Hoeven: Move America Act Introduced in House of Representatives
Bipartisan Legislation Expands Support for Public-Private Partnerships, Creates Flexibility for State Infrastructure Development
WASHINGTON – Senator John Hoeven (R-N.D.) today issued the following statement after his bipartisan legislation, the Move America Act, was introduced in the House of Representatives by Representatives Jackie Walorski (R-Ind.), Earl Blumenauer (D-Ore.), Brian Fitzpatrick (R-Pa.) and Sean Patrick Maloney (D-N.Y.). The senator’s bill, which he introduced with Senator Ron Wyden (D-Ore.) earlier this year, would bring billions of dollars of investment to state and local governments to help grow and repair America’s aging infrastructure.
“The flexibility and cost-savings offered through Move America are a vital boost for states looking to improve their infrastructure and economies,” Hoeven said. “By securing private funding through tax credits and bonds, we can make our investments in infrastructure go further while saving taxpayer dollars. I look forward to working with my colleagues in the House to advance this important effort through Congress.”
Move America expands tax-exempt private activity bonds and creates a new infrastructure tax credit, helping fund infrastructure projects through private-public partnerships. This would lower overall costs and give state and local governments flexibility to construct the infrastructure they most need. Qualified projects include roads, bridges, transit, ports, rail, airports, water and sewer facilities and broadband.

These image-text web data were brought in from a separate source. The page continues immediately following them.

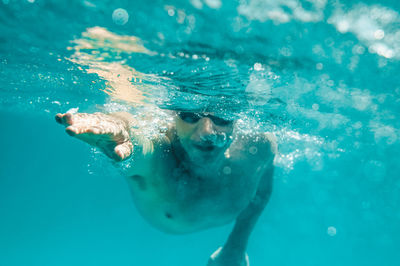 Man swimming in sea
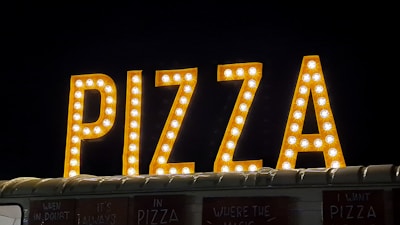 Large, illuminated letters spelling 'PIZZA' are prominently displayed against a dark background. Each letter is filled with round light bulbs, giving off a bright and inviting appearance. Below the sign, a part of a food truck or stall is visible.
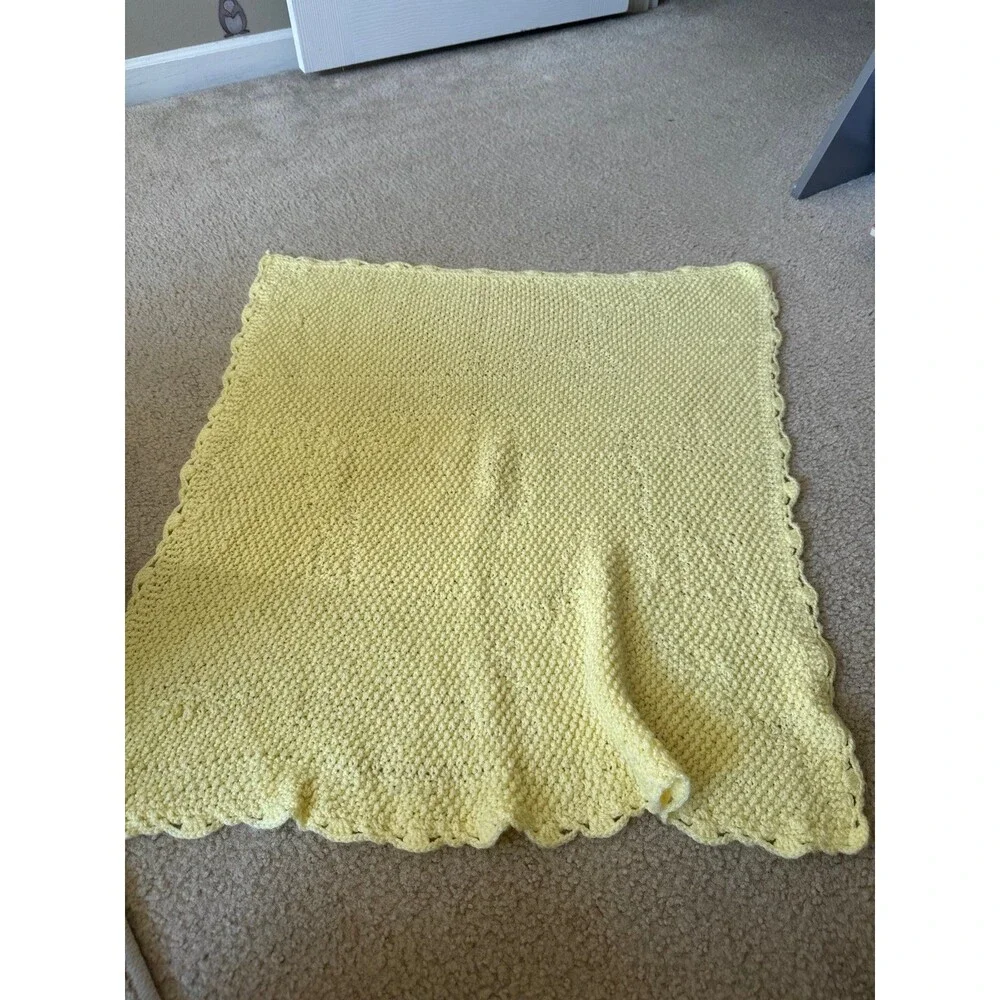 Handmade baby sweater and blankets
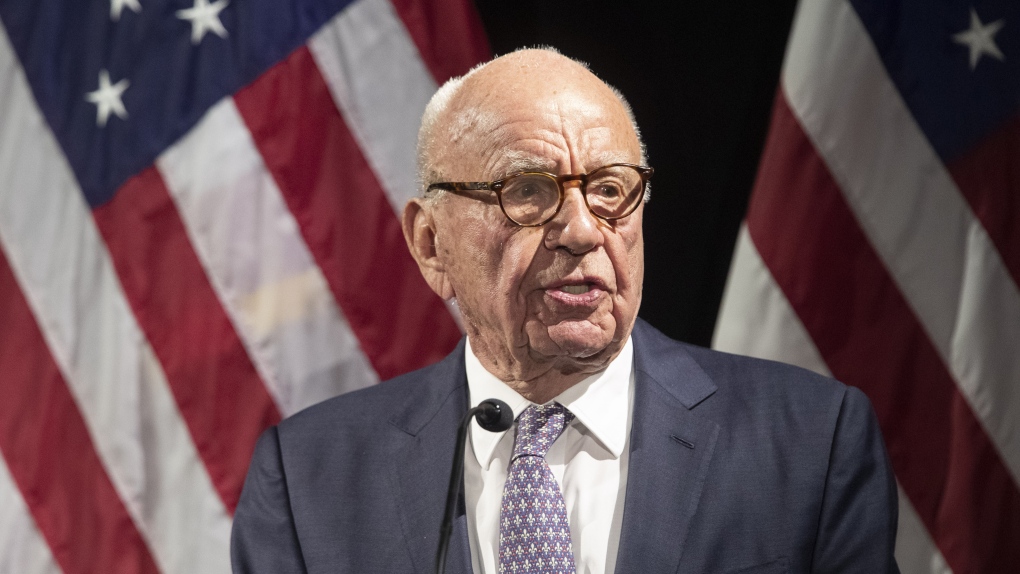 Rupert Murdoch introduces Secretary of State Mike Pompeo during the Herman Kahn Award Gala, in New York, Oct. 30, 2018. (AP Photo/Mary Altaffer, File)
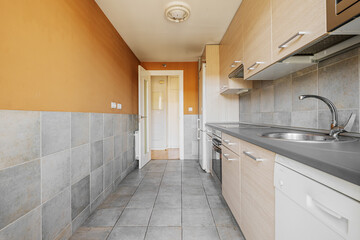 kitchen with light wood cabinets with gray countertops, white appliances and square tiles on half walls and floors
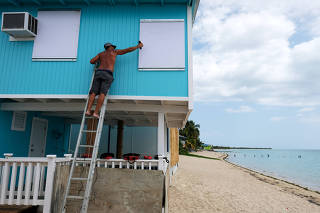 A man boards up a window of a beach house in the tourist zone of El Combate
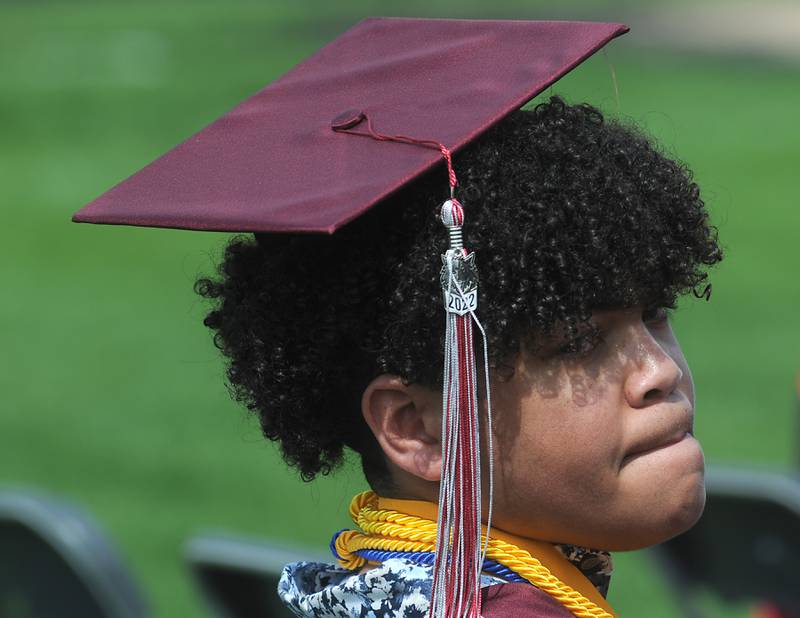 Jonah Zhungu waits his turn to receive his diploma Saturday, May 14, 2022, during the graduation ceremony at Prairie Ridge High School.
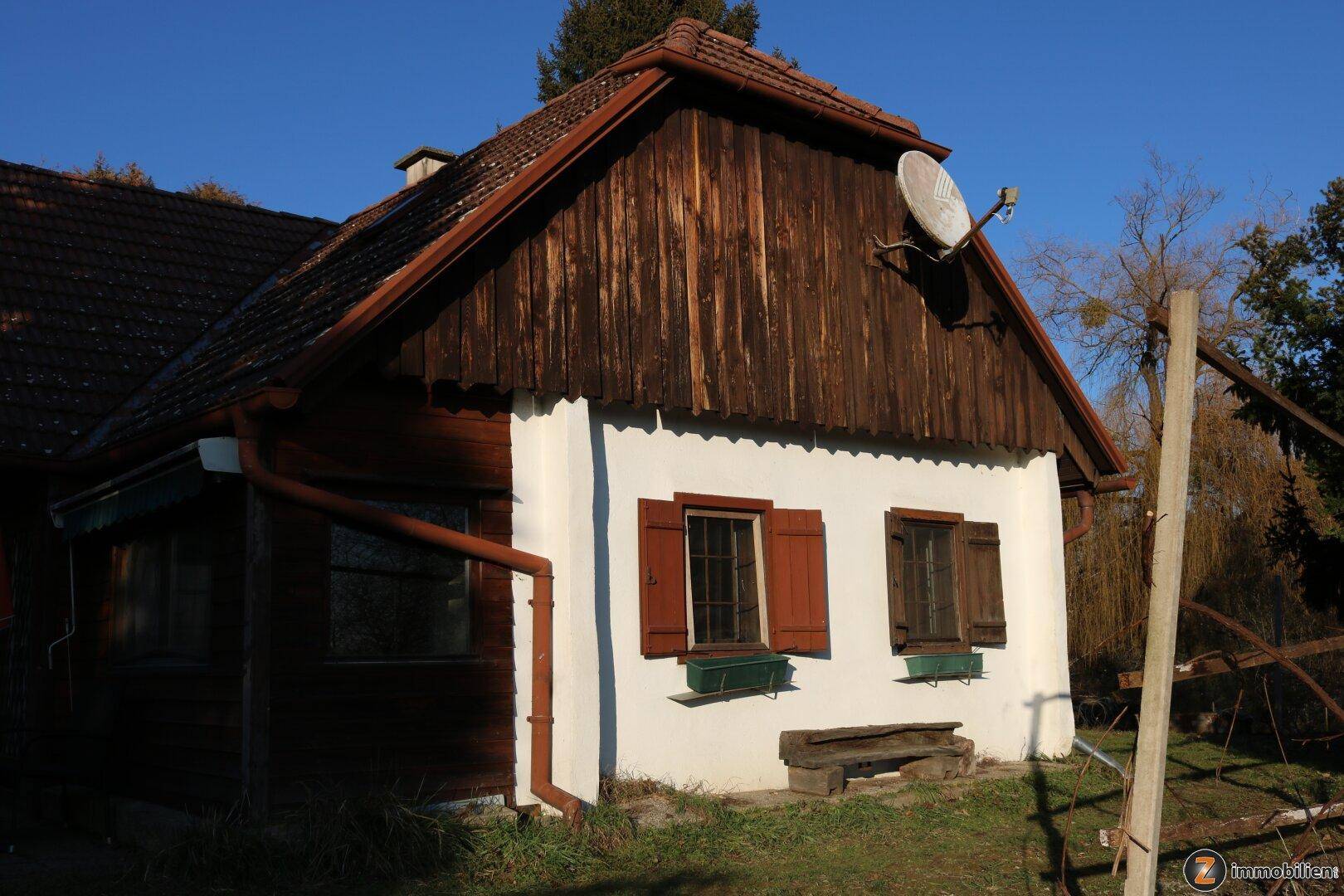 Seitenansicht des Landhauses mit traditionellen Fensterläden und Satellitenschüssel.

The American Society of Civil Engineers (ASCE) has estimated the nation will need an additional $2 trillion of infrastructure investment over the next ten years for the nation to support the economy and remain competitive. It’s vital that Congress work in a bipartisan manner to address this critical need. Greater use of private capital through public-private partnerships would serve as a helpful addition to increased federal infrastructure spending. Move America attracts this private capital through:
Move America Bonds – Allows states to issue tax-exempt bonds in partnership with private entities, lowering their overall borrowing cost. Each state would receive a bond allocation, based on population size. Other features of Move America bonds include:
- Flexible ownership and management arrangements
- Favorable tax treatment, such as being exempt from the Alternative Minimum Tax
- Any unused volume cap can be carried over for up to five years
Move America Tax Credits – Allows smaller states the ability to trade in some or all of their bond allocation for federal tax credits at a 25 percent rate. Features of the tax credits include:
- Credits are available for direct investment in a project, reducing capital costs and expanding the potential investment pool
- States can elect to use the credits to capitalize state infrastructure banks or other infrastructure revolving funds, allowing greater usage of the private-public partnership model on non-revenue projects
- Move America Credits can be used in conjunction with Move America Bonds or other federal grant or credit assistance programs
Through these tools, Move America leverages $8 billion in federal investment into $226 billion worth of bond authority over the next 10 years or up to $56 billion over 10 years in tax credits, according to the Joint Committee on Taxation. The Move America Act is supported by the U.S. Chamber of Commerce, The Business Roundtable, American Association of State Highway Transportation Officials (AASHTO), American Road and Transportation Builders Association (ARTBA), Associated General Contractors (AGC), American Association of Port Authorities (AAPA), Airports Council International (ACI-NA), Laborers International Union of North America (LIUNA), International Union of Operating Engineers (IUOE), Securities Industry and Financial Markets Association (SIFMA), The Association of Equipment Manufacturers (AEM) and the American Society of Civil Engineers (ASCE).